Russian stocks fell and the rouble weakened further after
the referendum news. Moody's ratings agency said the standoff
was negative for Russia's sovereign creditworthiness.
On the ground, a mission of 35 unarmed military observers
from the pan-European Organisation for Security and Cooperation
in Europe was stopped from entering Crimea by unidentified men
in military fatigues when they travelled from the port of
Odessa, Poland's defence minister said.
In Brussels, European Council President Herman Van Rompuy
outlined a three-stage plan to try to resolve the crisis, while
announcing the EU would sign the political parts of a far-
reaching agreement with Ukraine before May 25 elections there,
and offer the country extensive aid and trade benefits.
Unless Moscow opens negotiations with Ukraine and an
international "contact group" soon, the EU would move to travel
bans and asset freezes on Russian officials, and boycott a
planned June Group of Eight summit in the Olympic venue Sochi.
If Russia took action that destabilised Ukraine further,
there would be "grave consequences" for bilateral economic ties,
he said, without giving any deadlines.
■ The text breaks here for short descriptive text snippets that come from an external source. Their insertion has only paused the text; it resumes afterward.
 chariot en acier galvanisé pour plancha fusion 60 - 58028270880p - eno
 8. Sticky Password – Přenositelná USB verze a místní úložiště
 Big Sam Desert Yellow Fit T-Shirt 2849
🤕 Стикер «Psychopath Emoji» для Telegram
Poland's prime minister
said the EU talks on sanctions had been "stormy", hinting at
frustration at his inability to achieve stronger measures, which
require a unanimous decision by all 28 member states.
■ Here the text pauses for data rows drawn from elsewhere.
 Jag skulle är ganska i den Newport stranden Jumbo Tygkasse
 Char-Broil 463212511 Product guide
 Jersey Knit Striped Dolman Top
The centre-right European People's Party, a grouping that
includes a dozen heads of state and government in the European
Union, is set to declare on Friday that Ukraine may apply for EU
membership, according to a draft statement seen by Reuters.
Putin has cited threats to Russian citizens to justify
military action in Ukraine, as he did in Georgia in 2008. Far
from seeking a diplomatic way out of the present crisis, Putin
appears to have chosen to create facts on the ground before the
West can agree on more than token action against him.
Ukrainian Prime Minister Arseny Yatseniuk said after meeting
EU leaders that Ukraine's armed forces would act if Russian
military intervention escalated any further into Ukrainian
territory. "We are ready to protect our country," he said.
Military experts say Kiev's small and underequipped forces
are no match for Moscow's superpower might.
As expected, the EU summit was unwilling to adopt more than
symbolic measures against Russia, Europe's biggest gas supplier,
because neither industrial powerhouse Germany nor financial
centre Britain is keen to trigger a trade war.
France has a deal to sell warships to Russia that it is so
far not prepared to cancel, London's banks have profited from
facilitating Russian investment, and German companies have $22
billion invested in Russia.
The European Commission has announced aid of up to 11
billion euros ($15 billion) for Ukraine over the next couple of
years provided it reaches a deal with the International Monetary
Fund, entailing painful reforms like ending gas subsidies.
European Central Bank chief Mario Draghi said the crisis had
already had a major impact on the Russian and Ukrainian
economies, but little effect so far on the euro zone.